Friday 1 July 2016

Defrauded Student Loan Borrowers May Soon Have Discharge Options

In 2015, the Corinthian College conglomerate collapsed after federal officials found that the school had fraudulently inflated its job placement rates. The Department of Education sanctioned Corinthian while further investigations continued, at which point the school filed for bankruptcy, essentially leaving U.S. taxpayers with possibly tens of millions of dollars in federal student loans.
Student Loans in India 


In response, the Department of Education is undertaking a negotiated rulemaking procedure to clarify definitions and a process for borrower defense to repayment, an old and rarely used rule. This rule provides federal student loan borrowers with relief if their school violates certain state laws. Note that this rule is separate from the eligibility and process currently in place for students affected by the Corinthian situation.

Earlier this month, the Department of Education released the draft version of the rule for public review and comment, with the final version expected to be published no later than Nov. 1, 2016, with an effective date of July 1, 2017, although some aspects of the rule could be implemented sooner.

Although this is only a draft, here is an overview of how this rule is shaping up to provide relief for defrauded borrowers. Note that rules cannot be made retroactively, so new and existing loans will have different eligibility requirements.

Discharge Eligibility for Direct Loans Made Prior to July 1, 2017

The draft borrower defense to repayment rule maintains the existing eligibility definition only for direct loans made prior to July 1, 2017. To be potentially eligible for full or partial discharge under the existing rule, borrowers will need to show that the school violated state law in relation to their federal student loans or in the education it provided – or didn't provide – them. In most cases, this state law means the state's consumer protection laws, which are usually outlined on the local attorney general's website.

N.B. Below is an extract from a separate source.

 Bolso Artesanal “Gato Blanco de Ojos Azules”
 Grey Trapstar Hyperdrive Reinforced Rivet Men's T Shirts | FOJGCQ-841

One example of a violation that may fall under this particular eligibility definition is a school stating that its job placement rate is 100 percent for a particular major when the actual rate is much lower. Another is a school advertising that students who complete a certain credential at the school will be eligible for certain employment but, in reality, the courses do not fulfill the necessary licensing requirements for that field.

Examples of circumstances that don't fall under this discharge eligibility include slip-and-fall accidents on campus, allegations of sexual harassment and most grade disputes.

In most cases, borrowers must submit applications directly to a special unit that the Department of Education created to review these applications. If applicable, that same unit will pursue the schools for restitution of the discharged funds.

It's important to note that, in most cases, whether the Department of Education can or will pursue a school for restitution on these discharges has no bearing on borrowers' chances of the department approving their discharge application.

With that said, again in most cases, the majority of the evidence will have to prove the borrowers' claims, which in some situations may be difficult for consumers to prove unless the school has already faced some legal or other action or if the Department of Education already has evidence in its files that support the borrowers' claims.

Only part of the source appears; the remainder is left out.